Abstract
How artificial environmental cues are biologically integrated and transgenerationally inherited is still poorly understood. Here, we investigate the mechanisms of inheritance of reproductive outcomes elicited by the model environmental chemical Bisphenol A in C. elegans. We show that Bisphenol A (BPA) exposure causes the derepression of an epigenomically silenced transgene in the germline for 5 generations, regardless of ancestral response. Chromatin immunoprecipitation sequencing (ChIP-seq), histone modification quantitation, and immunofluorescence assays revealed that this effect is associated with a reduction of the repressive marks H3K9me3 and H3K27me3 in whole worms and in germline nuclei in the F3, as well as with reproductive dysfunctions, including germline apoptosis and embryonic lethality. Furthermore, targeting of the Jumonji demethylases JMJD-2 and JMJD-3/UTX-1 restores H3K9me3 and H3K27me3 levels, respectively, and it fully alleviates the BPA-induced transgenerational effects.
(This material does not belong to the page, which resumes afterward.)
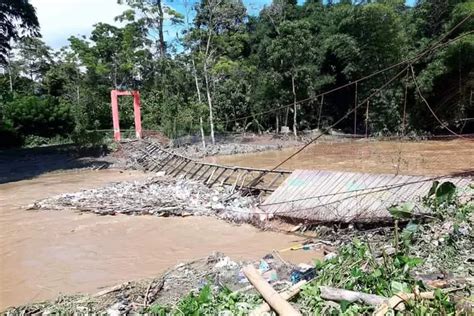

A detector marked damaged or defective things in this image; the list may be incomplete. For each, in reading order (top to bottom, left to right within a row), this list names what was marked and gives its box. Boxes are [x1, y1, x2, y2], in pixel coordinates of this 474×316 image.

Together, our results demonstrate the central role of repressive histone modifications in the inheritance of reproductive defects elicited by a common environmental chemical exposure. Little is known about the mechanisms of inheritance of artificial environmental exposures. Camacho et al. describe the transgenerational reproductive dysfunctions caused by ancestral exposure to the model environmental compound Bisphenol A, and they provide a role for the regulation of repressive histone marks by histone demethylases in this process.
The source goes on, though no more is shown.